(The problem)
What are the lines from the top of the entries below through the line containing "Festive Gingerbread Man"? Return them exactly, both ends included, without the pictures.

(Data for the task)
━━━━━━━━
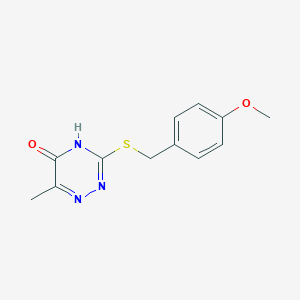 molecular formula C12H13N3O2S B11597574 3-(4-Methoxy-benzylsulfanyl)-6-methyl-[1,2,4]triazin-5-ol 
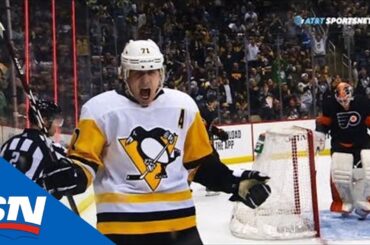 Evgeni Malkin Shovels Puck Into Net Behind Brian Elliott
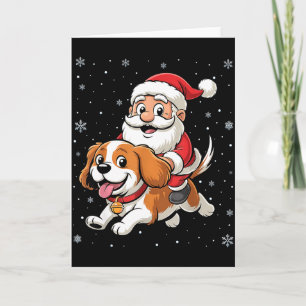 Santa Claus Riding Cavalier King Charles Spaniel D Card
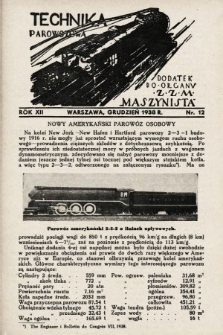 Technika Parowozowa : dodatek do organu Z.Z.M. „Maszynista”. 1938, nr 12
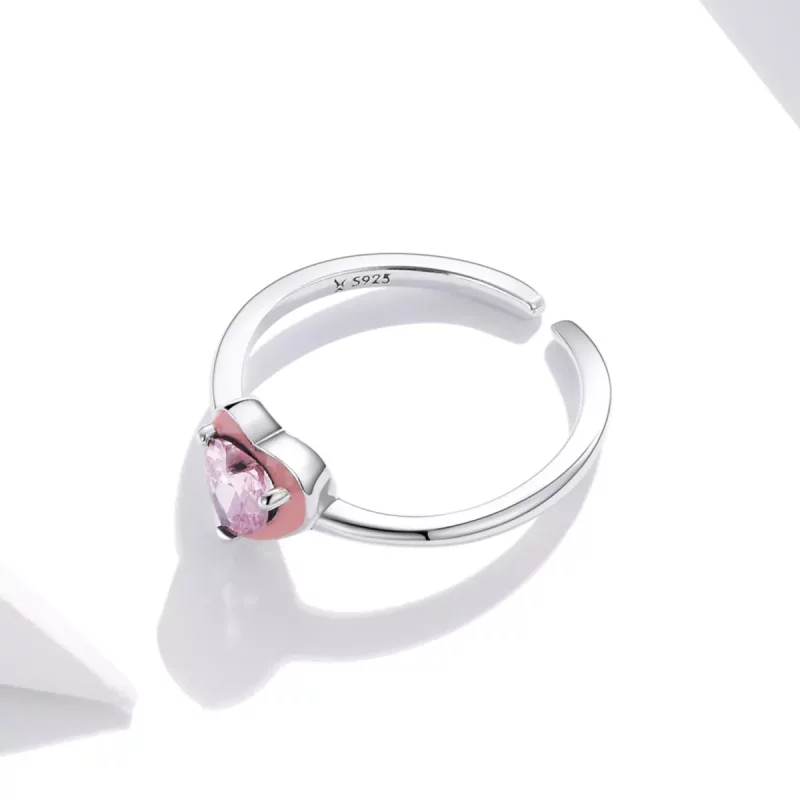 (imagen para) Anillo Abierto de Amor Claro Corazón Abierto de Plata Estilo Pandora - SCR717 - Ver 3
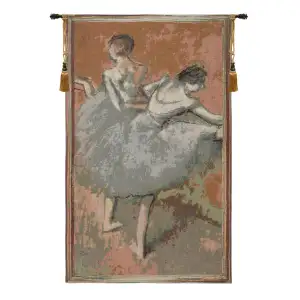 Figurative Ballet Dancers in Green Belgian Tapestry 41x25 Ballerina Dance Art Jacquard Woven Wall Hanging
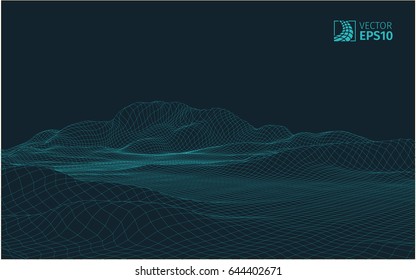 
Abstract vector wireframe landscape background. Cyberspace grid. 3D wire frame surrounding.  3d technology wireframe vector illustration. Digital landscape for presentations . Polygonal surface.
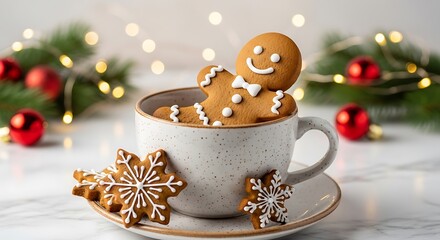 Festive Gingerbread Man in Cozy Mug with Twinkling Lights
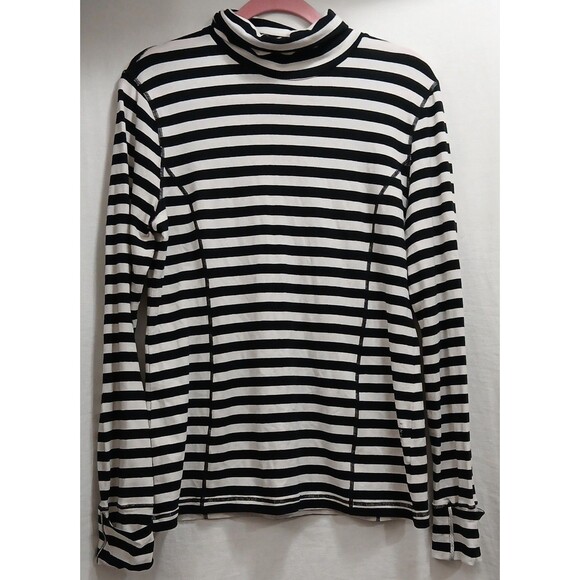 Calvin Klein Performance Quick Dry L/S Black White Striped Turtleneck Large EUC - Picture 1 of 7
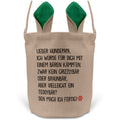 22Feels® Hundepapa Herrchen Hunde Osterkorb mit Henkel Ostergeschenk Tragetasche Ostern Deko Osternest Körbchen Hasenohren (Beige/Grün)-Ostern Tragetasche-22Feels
━━━━━━━━
(Output of the exercise)
 molecular formula C12H13N3O2S B11597574 3-(4-Methoxy-benzylsulfanyl)-6-methyl-[1,2,4]triazin-5-ol 
 Evgeni Malkin Shovels Puck Into Net Behind Brian Elliott
 Santa Claus Riding Cavalier King Charles Spaniel D Card
 Technika Parowozowa : dodatek do organu Z.Z.M. „Maszynista”. 1938, nr 12
 (imagen para) Anillo Abierto de Amor Claro Corazón Abierto de Plata Estilo Pandora - SCR717 - Ver 3
 Figurative Ballet Dancers in Green Belgian Tapestry 41x25 Ballerina Dance Art Jacquard Woven Wall Hanging
Abstract vector wireframe landscape background. Cyberspace grid. 3D wire frame surrounding.  3d technology wireframe vector illustration. Digital landscape for presentations . Polygonal surface.
 Festive Gingerbread Man in Cozy Mug with Twinkling Lights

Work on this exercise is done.